WHAT THE EXERCISE ASKS: The listing below holds pictures; exclude them. Return exactly the lines from the one with "You've got to" through the one with "I'm going to".

EXTRACTED DATA:

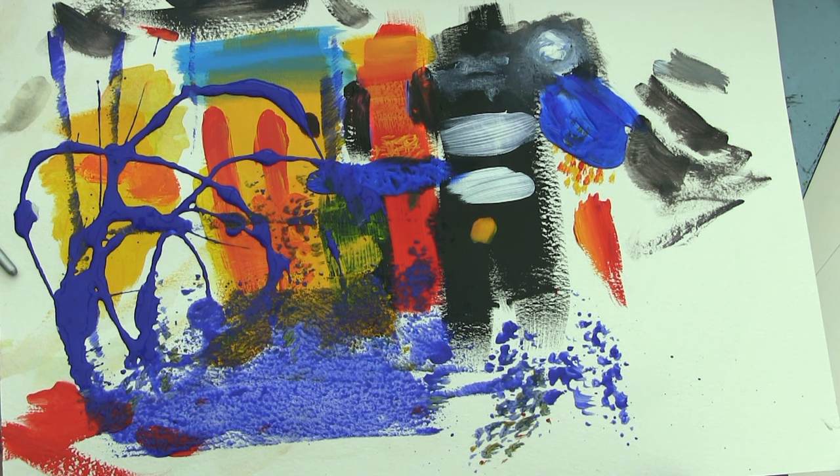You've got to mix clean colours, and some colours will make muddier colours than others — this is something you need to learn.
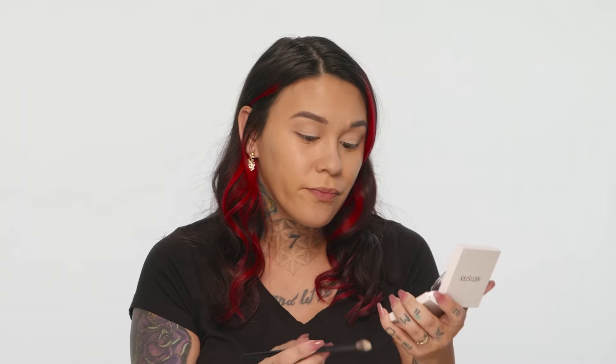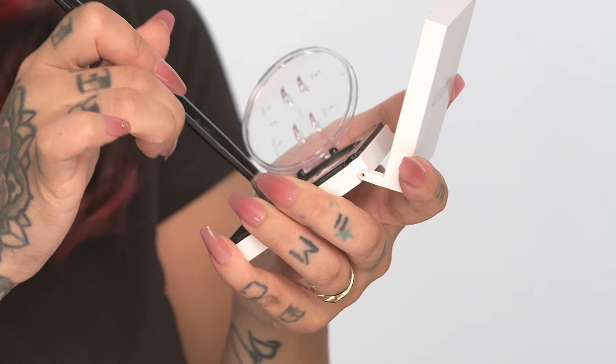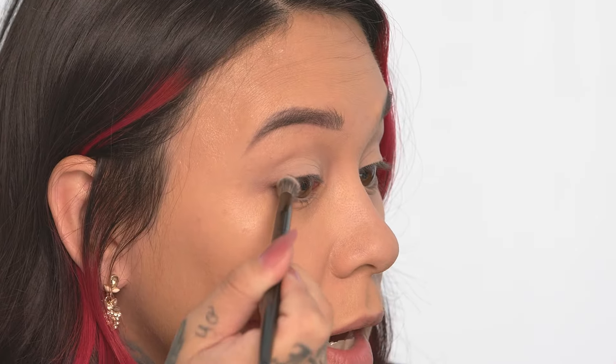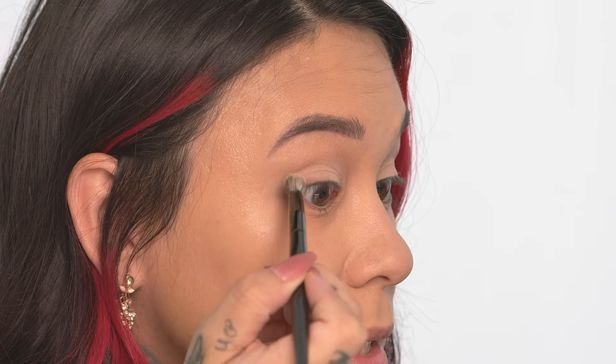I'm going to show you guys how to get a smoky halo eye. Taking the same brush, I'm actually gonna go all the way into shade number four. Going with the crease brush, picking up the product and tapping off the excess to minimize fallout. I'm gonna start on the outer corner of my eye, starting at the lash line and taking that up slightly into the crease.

...

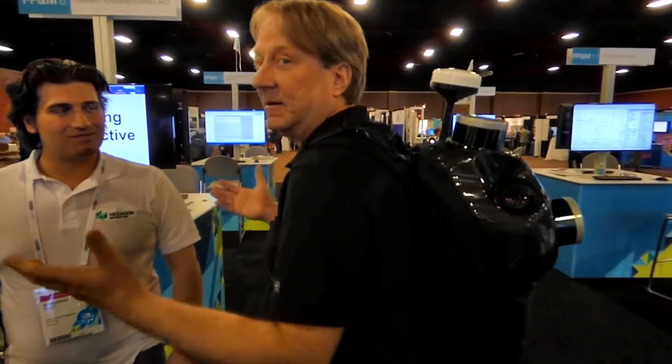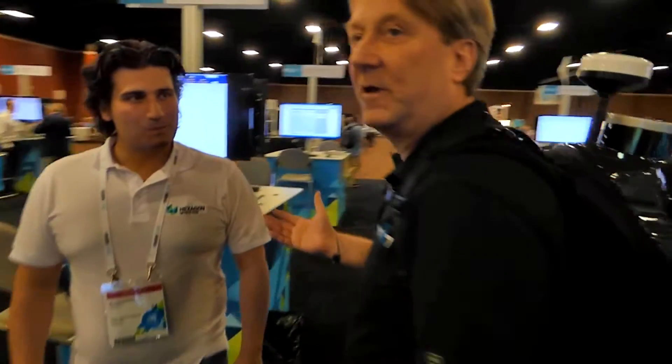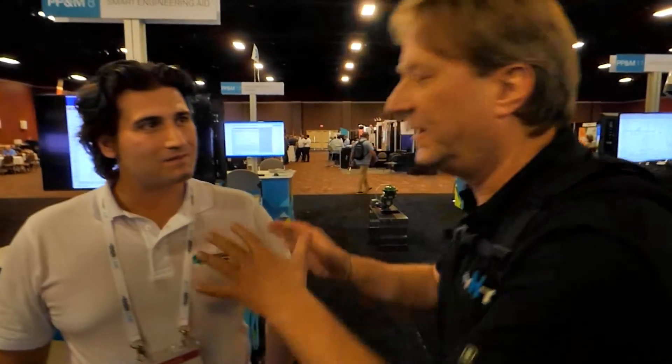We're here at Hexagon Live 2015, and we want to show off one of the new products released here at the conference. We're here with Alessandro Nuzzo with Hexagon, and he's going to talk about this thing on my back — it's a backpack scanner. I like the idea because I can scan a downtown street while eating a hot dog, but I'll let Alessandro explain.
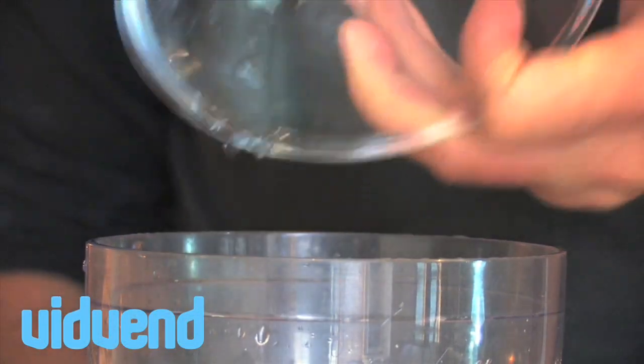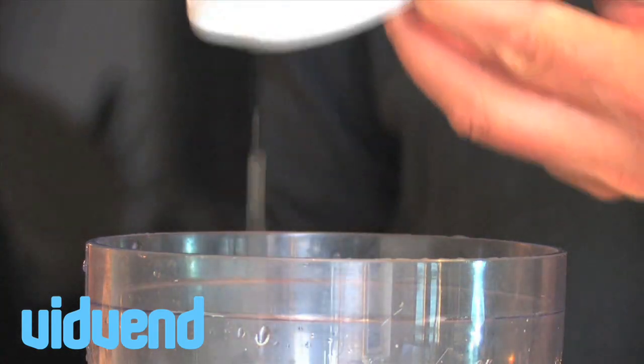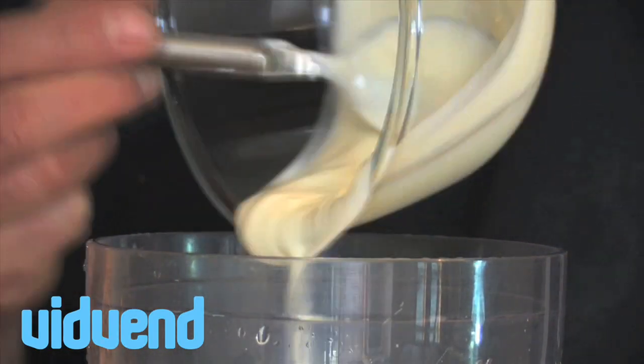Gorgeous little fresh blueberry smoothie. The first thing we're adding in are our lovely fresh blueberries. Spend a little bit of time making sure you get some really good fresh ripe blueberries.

ANSWER SECTION:
You've got to mix clean colours, and some colours will make muddier colours than others — this is something you need to learn.
I'm going to show you guys how to get a smoky halo eye. Taking the same brush, I'm actually gonna go all the way into shade number four. Going with the crease brush, picking up the product and tapping off the excess to minimize fallout. I'm gonna start on the outer corner of my eye, starting at the lash line and taking that up slightly into the crease.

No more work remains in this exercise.